RX-8、そして発電用ロータリーへ ロータリーエンジンの歴史を振り返る【最終回】

RX-8、そして発電用ロータリーへ ロータリーエンジンの歴史を振り返る【最終回】

 ロータリーエンジンを振り返るシリーズの最終回は、市販ロータリー最強のパワーを誇った3ローターの20BとRX-7の後継スポーツモデルとして登場したRX-8を振り返ろう。

 RX-8には環境に配慮したRENEIS 13B-MSPが搭載された!

文/鈴木直也、写真/Mazda、ベストカー編集部

【画像ギャラリー】マツダの挑戦は続く!! ユーノス コスモと3ローター、3代目RX-7、RX-8を見る


■史上最強のロータリーエンジンは空前絶後の3ローター!!

空前絶後の3ローターエンジン20B-REWを搭載して登場したユーノス コスモ

 さて、これまで13B型の変遷について述べてきたわけだが、ここで時計の針を1年半ほど戻し、史上最強のREについても説明しておかなければならないだろう。

 1990年4月にデビューする4代目コスモ(ユーノスコスモ)には、史上空前そして絶後となる3ローターREが搭載されていた。

 20B-REW型と名づけられたこのエンジンは、基本的には13B型にもうひとつローターを追加したもの。654cc×3=1942ccで20Bと命名されている。

 ひとつローターを追加、こんな風に書くとコトは簡単なように思えるが、REの場合2ローター以上のマルチローターを実現するにはエキセントリックシャフトを分割構造にしないと成立しない。

 これはレシプロに例えるなら直6エンジンのクランクシャフトを前後2分割にするようなもので、強度・剛性の確保や、高い精度を要求される接合技術など、量産車としては例のない技術的チャレンジとなる。

 20B-REW型は半月キーで嵌合するテーパー継手を採用してこれを実現しているのだが、これはレース用の3ローターREや4ローターREとまったく同じ方式。ルマン24時間で耐久性を実証した技術が、そのまま市販車に応用されているといっても過言ではない。

 過給システムも凝ったもので、量産車としては世界初のシーケンシャルツインターボを採用。低負荷領域ではプライマリータービンのみが稼働し、負荷が大きくなるとセカンダリータービンにも排ガスが供給されてフルブースト状態になるというもの。全回転域でレスポンスとトルク特性を向上させる狙いだ。

■強大なトルクはマツダ技術者たちの夢の結晶

運輸省の行政指導により280ps/6500rpmというスペックに甘んじたユーノス コスモだったが、トルクの強大さはかつて経験したことのないレベルだった

 ただ、惜しむらくはこのエンジンのデビュー直前に運輸省(当時)が280ps自主規制という馬鹿馬鹿しい行政指導を行ったこと。その巻き添えとなった20B-REW型は、280ps/6500rpm、41.0kgm/3000rpmという本来の実力とはかけ離れたスペックでデビューせざるを得なかった。

 ちなみに、ユーノスコスモには13B-REW搭載のバリエーションも用意されていて、そのスペックは230ps/30kgm。となれば、20B-REW型の実力はその1.5倍の345ps/45kgmくらいあっても不思議ではない。本来持てるパフォーマンスをフルに発揮できなかったという意味では、20B-REWは悲運のREと言わざるを得ない。

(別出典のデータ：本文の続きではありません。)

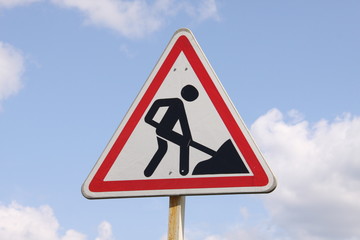 Warnschild an einer Fernstraße Richtung Ural - Russland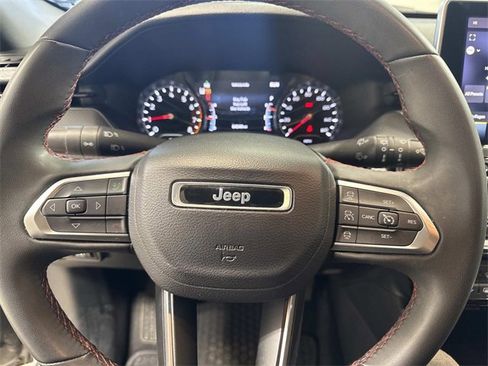 Used 2023 Jeep Compass Trailhawk image 8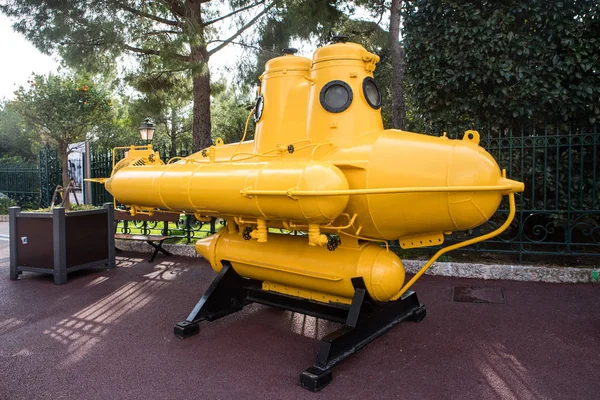Yellow submarine in Monaco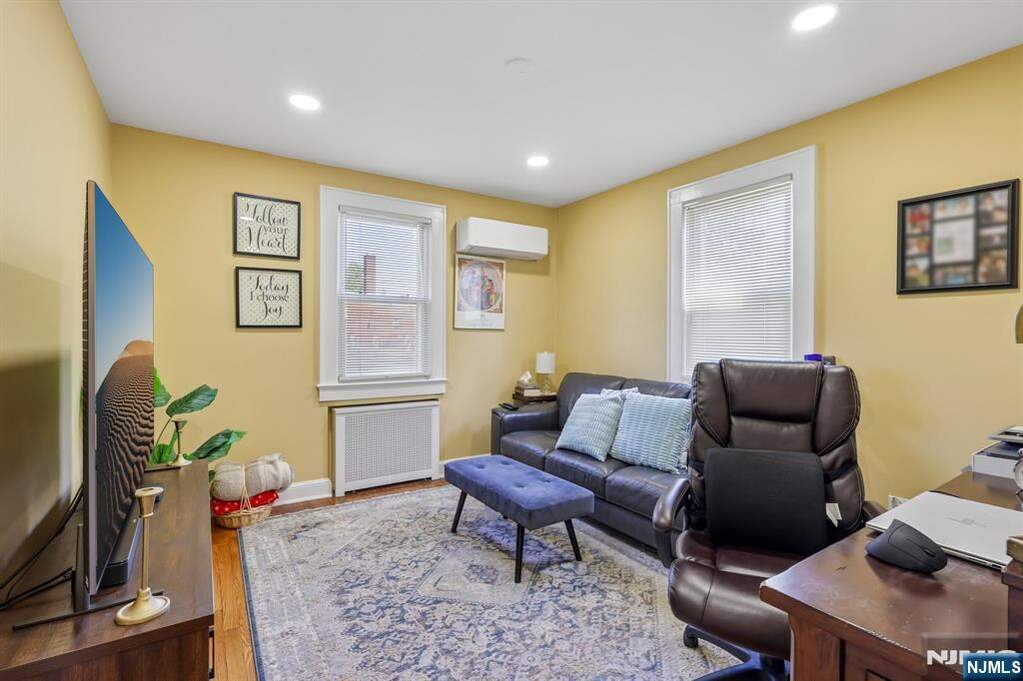3 Bedroom Single Family Home/House's Image 16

 しかし、カタログ値はともあれ、実際に走らせた時の20B-REW搭載コスモのパフォーマンスは凄まじいものがあった。

 ぼくは当時ベストカー本誌で谷田部テストを担当したのだが、ATなのにゼロヨンのスタートではホイールスピンでバーンナウト状態。トルクの強大さはかつて経験したことのないレベルで、実際にはカタログ値以上の数字が出ていたに違いないと今でも思っている(ちなみに最大トルクには自主規制値はない)。

 バブル期には日本の各メーカーからさまざまな高性能車が登場したが、それらはユーザーの飽くなき欲望に応えると同時に、エンジニアにとっても「いちど造ってみたかった!」という夢の実現でもあった。

 そういう意味では、20B-REW型3ローターREはマツダの技術者の夢が結晶したようなエンジン。商業的にはおそらく大赤字だったと思われるが、歴史に残るレジェンドと評価したい。

 ただし、やりたかった技術テーマをやり尽くした20B-REW型によって、マツダREの歴史はいちど燃え尽きたという観はある。